É Toivi Blatt, um judeu sobrevivente de Sobibór[2], quem chega a essa conclusão em entrevista a Rees. À época com apenas 15 anos, Blatt trabalhou como “ajudante” na administração do campo de extermínio polonês, em tarefas penosas como o deslocamento para as câmaras de gás das incontáveis levas humanas chegadas diariamente pela linha do trem — incluindo amigos e familiares —, a retirada dos corpos após o envenenamento e seu posterior abandono em imensas valas coletivas.

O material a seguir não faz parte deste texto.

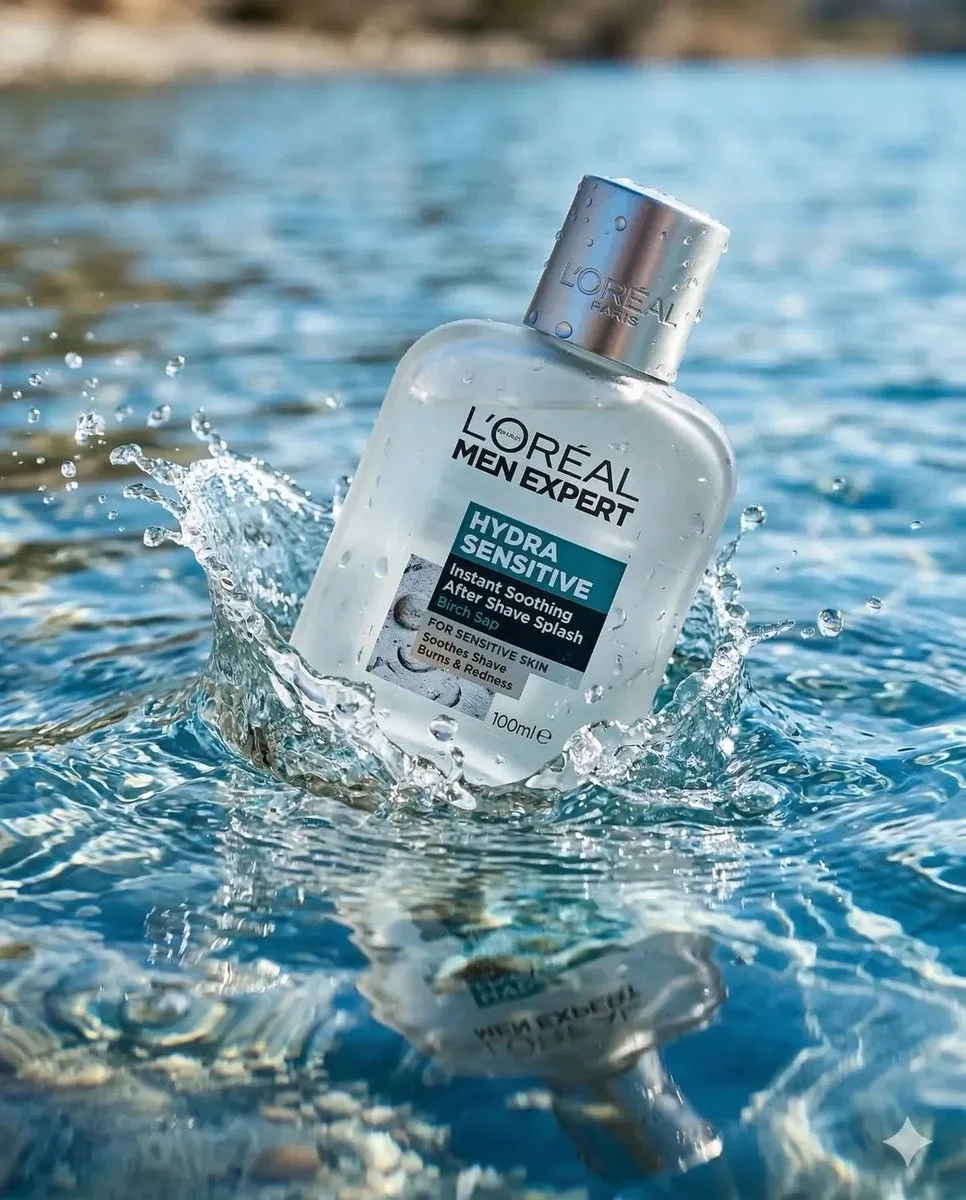 Calm Meets Clarity: Aftershave in Motion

A crueza sórdida da realidade vivida pelo então jovem judeu fê-lo concluir que, naquelas condições, todos poderiam ser bons e maus. Há muito fora do campo, sempre que vê um ato de bondade, Blatt se pergunta: como seria essa pessoa em Sobibór?
Outro judeu com quem Rees conversou, Kalman Taigman, membro de um comando dedicado à limpeza dos alojamentos onde as mulheres tinham o cabelo raspado antes de entrarem nas câmaras de gás, relata que, por vezes, encontrava bebês escondidos sob as pilhas de roupas, camuflados por mães desesperadas por salvá-los dos nazistas. Cumprindo ordens, ele apenas os entregava aos alemães para serem mortos a tiros, jogados nas valas ou, se já houvesse corpos sendo incinerados, atirados vivos diretamente ao fogo. Como eu me sentia? replica Kalman? Não sentia nada, virei um autômato, sem pensamentos. Só queria não ser o próximo.
A leitura de Atos Humanos, assim como a própria obra de Ress,tem o condão iconoclasta de implodir mitos. A escritora sul-coreana nos leva a ver que o humano ético que adjetiva quem somos não é sinônimo nem de virtude — solidariedade, bondade, caridade, compaixão ou civilidade — nem de vício — egoísmo, ódio, covardia, crueldade. O humano que nos adjetiva é apenas o que somos: uma complexa, dinâmica e frágil teia de virtudes e vícios, que se moldam, acomodam-se e alternam-se no tempo, no espaço e nas condições interiores e exteriores que se apresentam a cada um. Nem Rousseau nem Hobbes, o humano para Hang Kang é um gramado infinito onde o bem e o mal, vizinhos de muro, tomam juntos o mesmo chá da tarde.
[1] REES, L. (2018). O Holocausto: uma nova história. 1 ed. São Paulo: Vestígio.